Amazon buys Whole Foods for $13.7 billion
Amazon announced on June 16, 2017, a $13.7 billion deal to buy Whole Foods. Amazon agreed to pay $42 per share in cash for Whole Foods at roughly 27% premium to the stock price at Thursday’s June 15th close. In addition to the deal, CEO John Mackey of Whole Foods will remain in charge of the brick and mortar business (Turner, Wang, and Soper Bloomberg). Mackey under pressure by the board to find an acquirer for the business was able to keep his job while simultaneously giving the stock price a bump. Coincidently the stock price rose 27% bringing it near the transaction price at which Amazon had bought them. Amazon’s strategy was clear in that it was looking for a distinct brick-and-mortar presence and struck gold in acquiring Whole Foods at the price it did. Some investors believed this deal was made hastily on the end of Whole Foods where their CEO, John Mackey, described the partnership as “love at first sight” (Alex Morrell Business Insider Magazine).
It’s clear in today’s day and age we are moving more towards e-commerce and ordering goods online however that idea has been slow to catch on within the fresh produce and grocery industry.

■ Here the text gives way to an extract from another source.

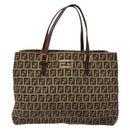 FENDI Zucchino Canvas Hand Bag Beige Brown Auth ep9916-13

It’s our belief that Amazon is looking to establish itself physically in larger local markets to establish theoretical same-day delivery. Or better yet, 30, 10, or even 5 minute delivery based on location and operational excellence Amazon certainly has in spades. This doesn’t bode well for new competitors to Amazon like Target, Kroger, Wal-Mart, etc. because although people do enjoy physically walking into grocery stores for purchases. The distribution scale of Amazon allows for fresh delivery that most, if not all competitors do not have an answer for yet. Risks seem to pertain to only Amazon at this point as it is a full 100% acquisition of Whole Foods. Whole Foods’ business has been ailing in recent months so it will be to Amazon’s challenge to bring the business back to the fold.
The strategy for this deal will involve leaving the current Whole Foods CEO in place, in order to cause minimal disruption over the acquisition. An integral part of the approach will be to understand where the powers of a consolidated supply chain and other potential synergies in both of their operations are. It is imperative to understand their current processes since the business models are totally different, online retail vs brick & mortar food retail.
From Amazon’s standpoint, bringing technology to the Whole Foods operations could end up bringing efficiencies in inventory and supply chain management which can translate into better margins for Whole Foods. The technology investments that Amazon can do to Whole Foods could be the key to the sustainable margins of a brick & mortar retailer moving forward.